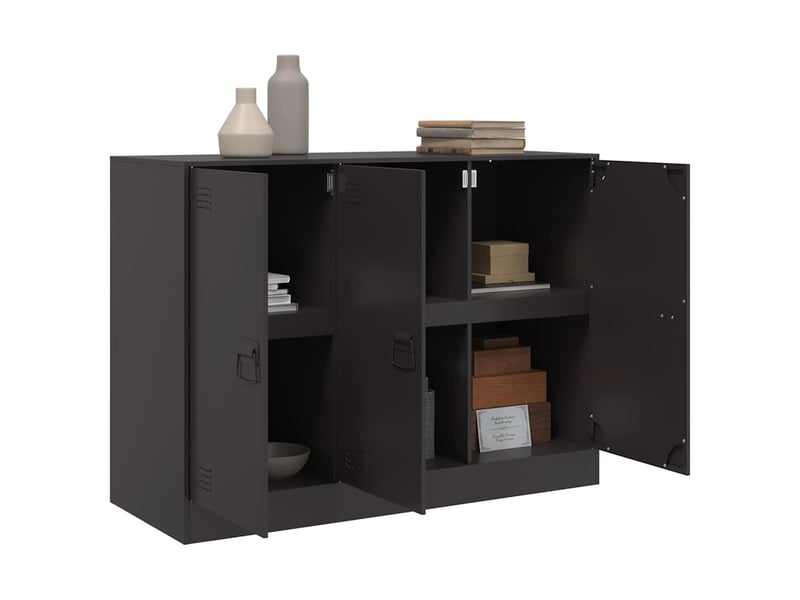 Buffet - bahut - meuble de rangement noir 99x39x73 cm acier - Conforama E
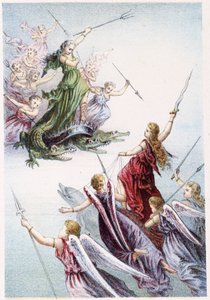 Kamp mellan onda och goda andar i havet - i "" Resan till havets botten"" av H. de la Blanchère. Paris, red. Jouvet et Cie, sd. 1880. av French School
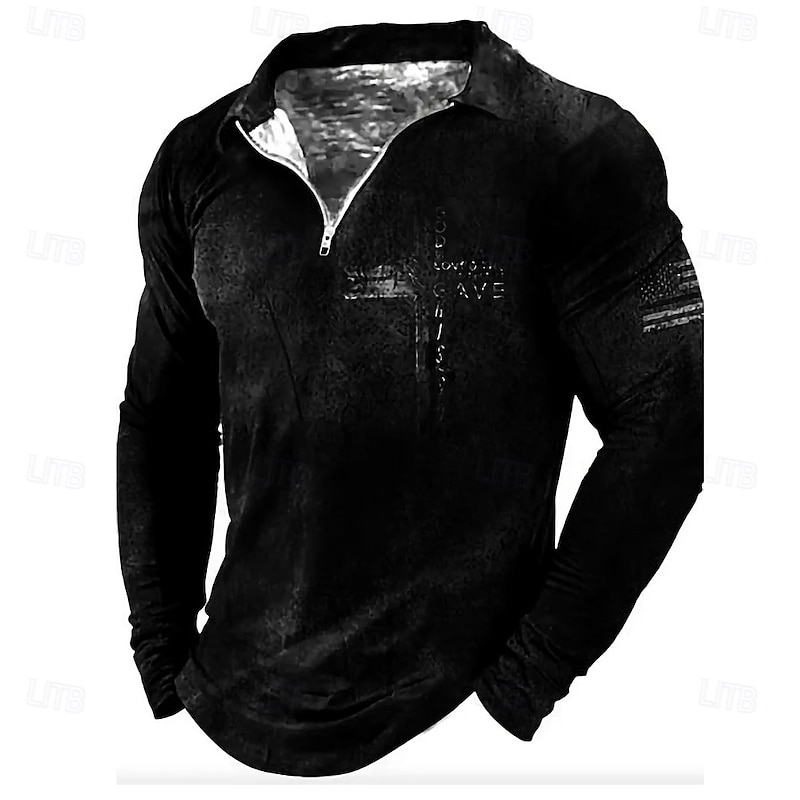 Men's Graphic Cross Polo Long Sleeve Half Zip Vintage Casual Daily Athleisure Casual Daily Zip Up Spring Fall Winter Black Blue Dark Grey2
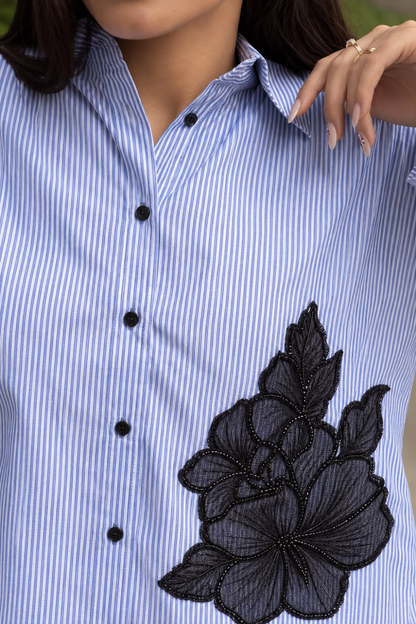 BLUE STRIPE MUSE SHIRT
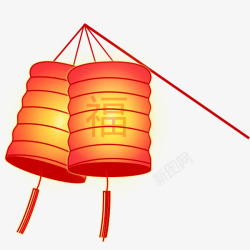 灯彩中国风新年立体福字灯笼高清图片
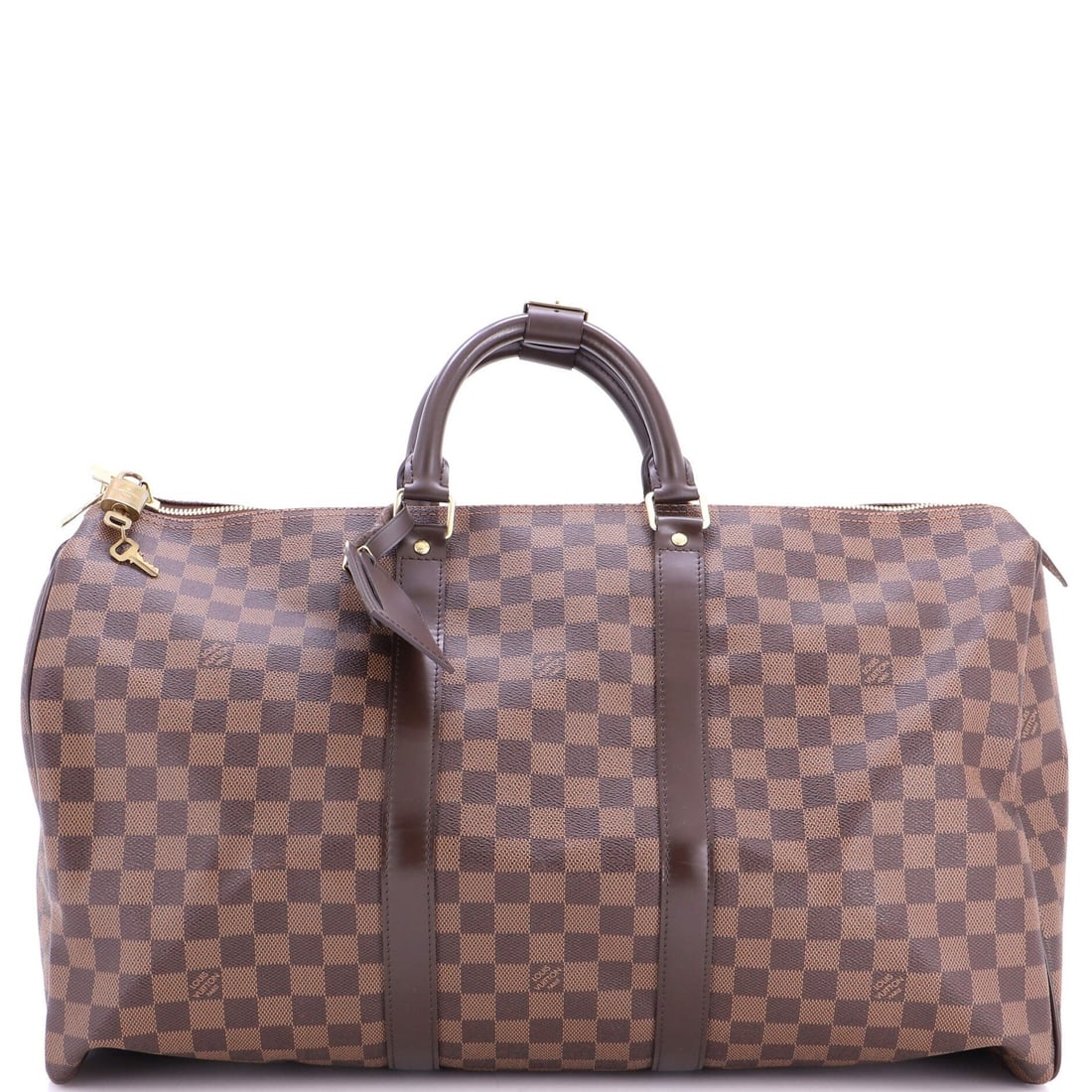 Vuitton Damier Louis 50 Keepall Bag: Vuitton Damier Louis 50 Keepall Bag Brown Louis Vuitton Damier 50 Keepall Bag with Poignet Keys and Gold Hardware. This classic canvas-coated duffle features a timeless Damier 50 pattern and gold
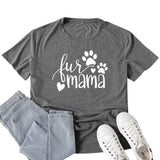 Boy Mama T Shirts Fur Mama Letter Print Short-Sleeve T-shirt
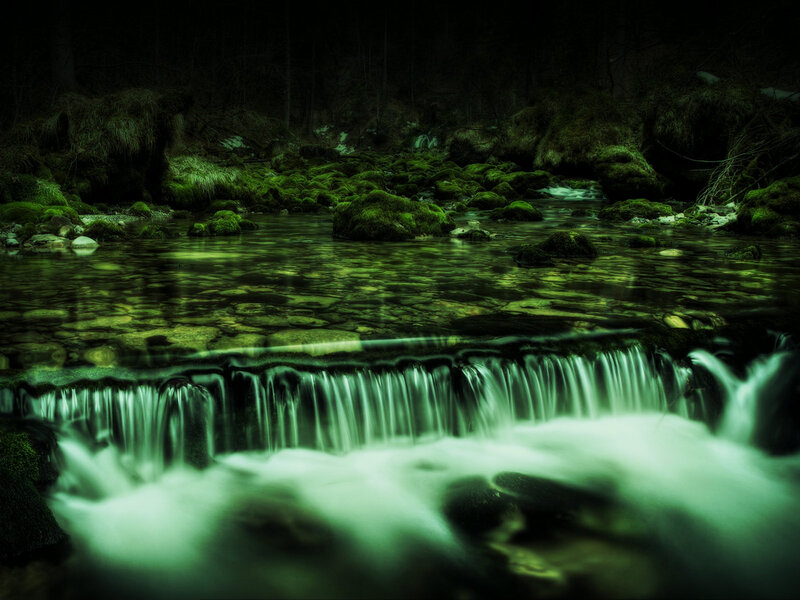 Mossy Stream Waterfall — Green, Dark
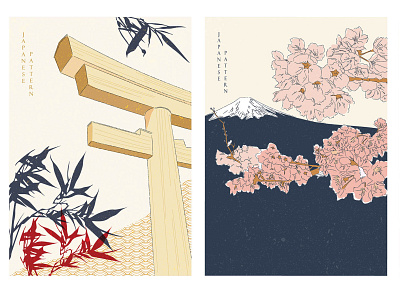 Japanese background with traditional elements vector. Fuji mount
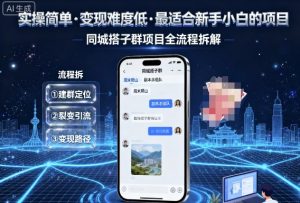实操简单,变现难度低,最适合新手小白做的项目,每天轻松收入3张,同城搭子群项目全流程拆解-阳知网创资源库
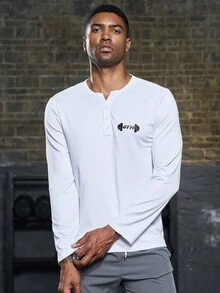 Manfinity Sport Corelite 男士字母圖案半扣運動T恤，運動上衣 - 白色 - 查看 7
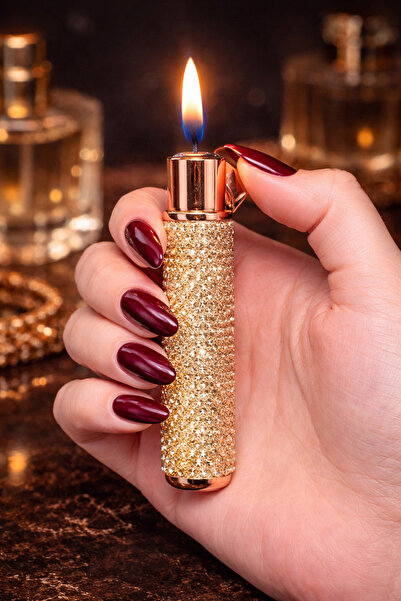 Duru Dijital Full Taşlı Metal Çakmak – Premium Kristal Işıltılı Hediyelik Çak...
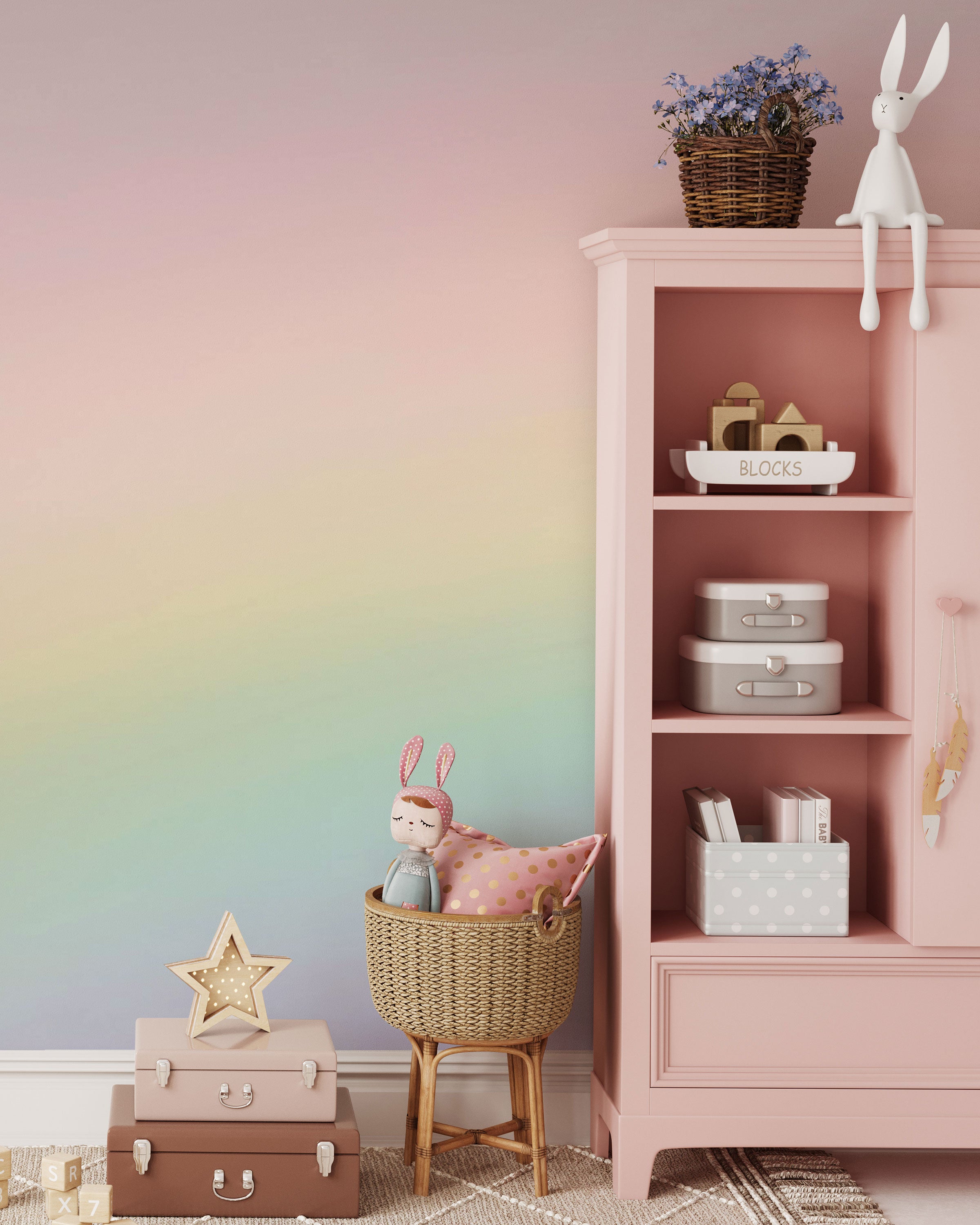 pastel rainbow gradient mural wallpaper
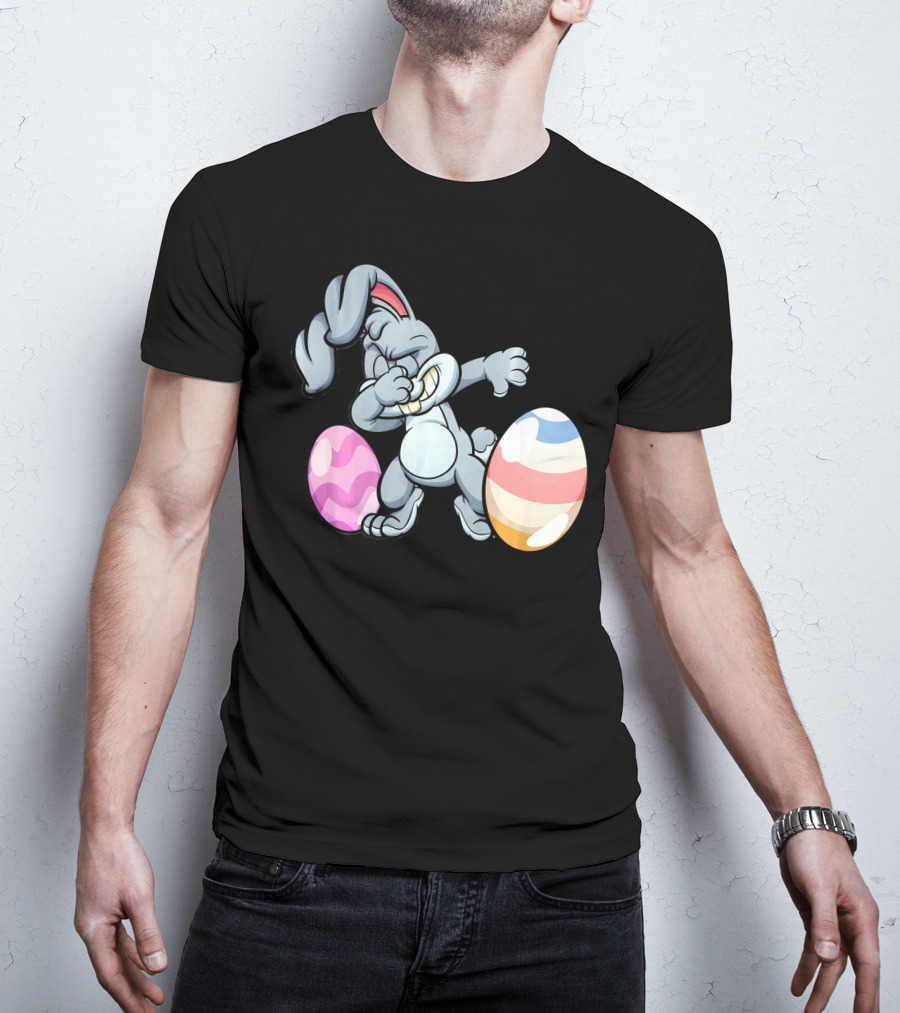 Hilarious Dabbing Easter Bunny Rabbit With Colorful Easter Eggs T-Shirt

========================================================================

* PROMPT
Transcribe every entry exactly, omitting pictures.

* EXPECTED ANSWER
 Buffet - bahut - meuble de rangement noir 99x39x73 cm acier - Conforama E
 Kamp mellan onda och goda andar i havet - i "" Resan till havets botten"" av H. de la Blanchère. Paris, red. Jouvet et Cie, sd. 1880. av French School
 Men's Graphic Cross Polo Long Sleeve Half Zip Vintage Casual Daily Athleisure Casual Daily Zip Up Spring Fall Winter Black Blue Dark Grey2
 BLUE STRIPE MUSE SHIRT
 灯彩中国风新年立体福字灯笼高清图片
 Vuitton Damier Louis 50 Keepall Bag: Vuitton Damier Louis 50 Keepall Bag Brown Louis Vuitton Damier 50 Keepall Bag with Poignet Keys and Gold Hardware. This classic canvas-coated duffle features a timeless Damier 50 pattern and gold
 Boy Mama T Shirts Fur Mama Letter Print Short-Sleeve T-shirt
 Mossy Stream Waterfall — Green, Dark
 Japanese background with traditional elements vector. Fuji mount
实操简单,变现难度低,最适合新手小白做的项目,每天轻松收入3张,同城搭子群项目全流程拆解-阳知网创资源库
 Manfinity Sport Corelite 男士字母圖案半扣運動T恤，運動上衣 - 白色 - 查看 7
 Duru Dijital Full Taşlı Metal Çakmak – Premium Kristal Işıltılı Hediyelik Çak...
 pastel rainbow gradient mural wallpaper
 Hilarious Dabbing Easter Bunny Rabbit With Colorful Easter Eggs T-Shirt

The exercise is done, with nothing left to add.